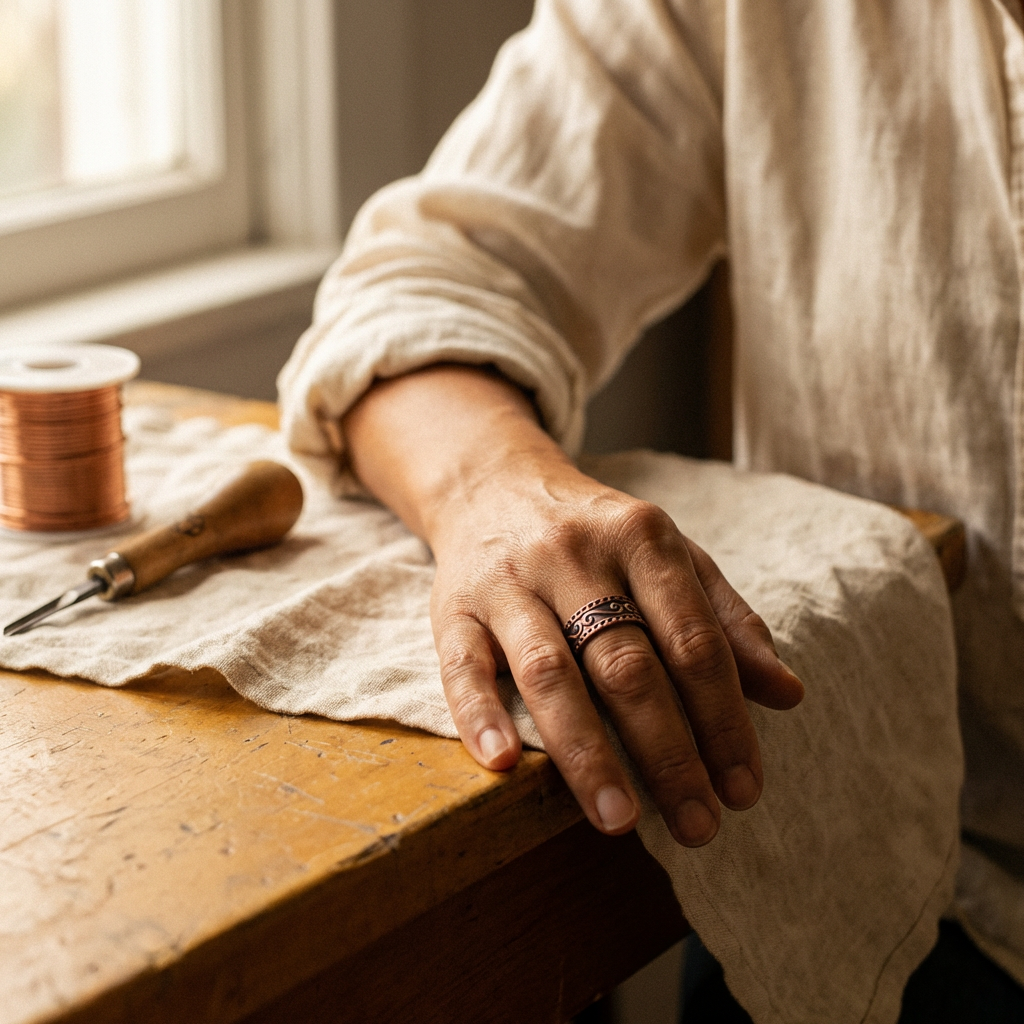Hazel's Fern Copper Ring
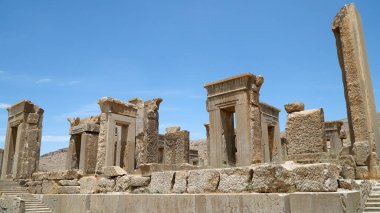 Antik Persepolis Şehri. Achaemenid İmparatorluğunun başkenti, Şiraz, İran.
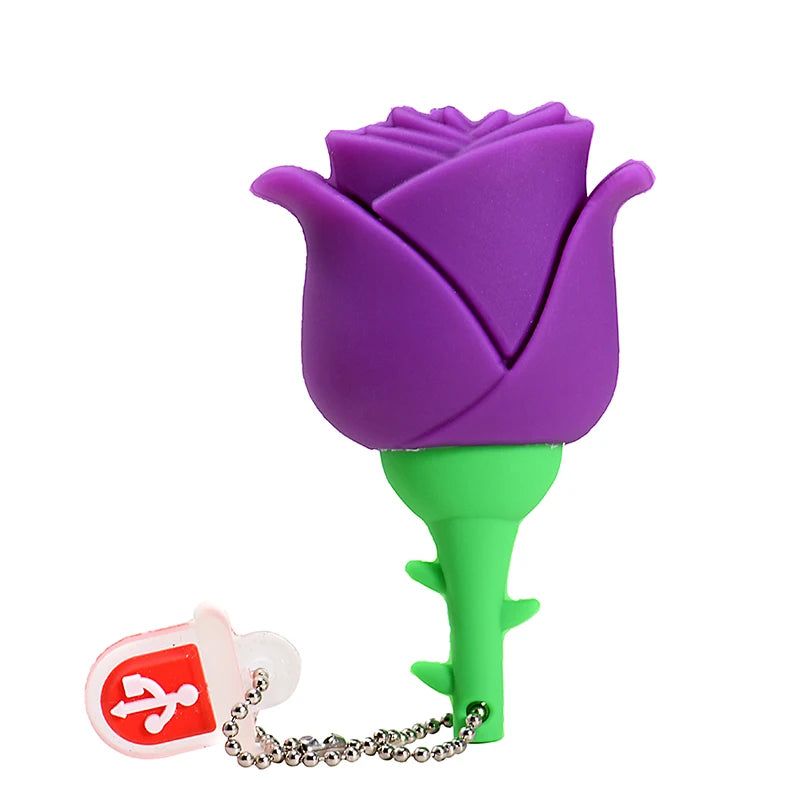 Cartoon Red Rose USB Flash Drives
────────────────
WORK ORDER » Your reply must match the data above line for line, except that it holds no pictures.

SOLVED PROBLEM »
Hazel's Fern Copper Ring
 Antik Persepolis Şehri. Achaemenid İmparatorluğunun başkenti, Şiraz, İran.
 Cartoon Red Rose USB Flash Drives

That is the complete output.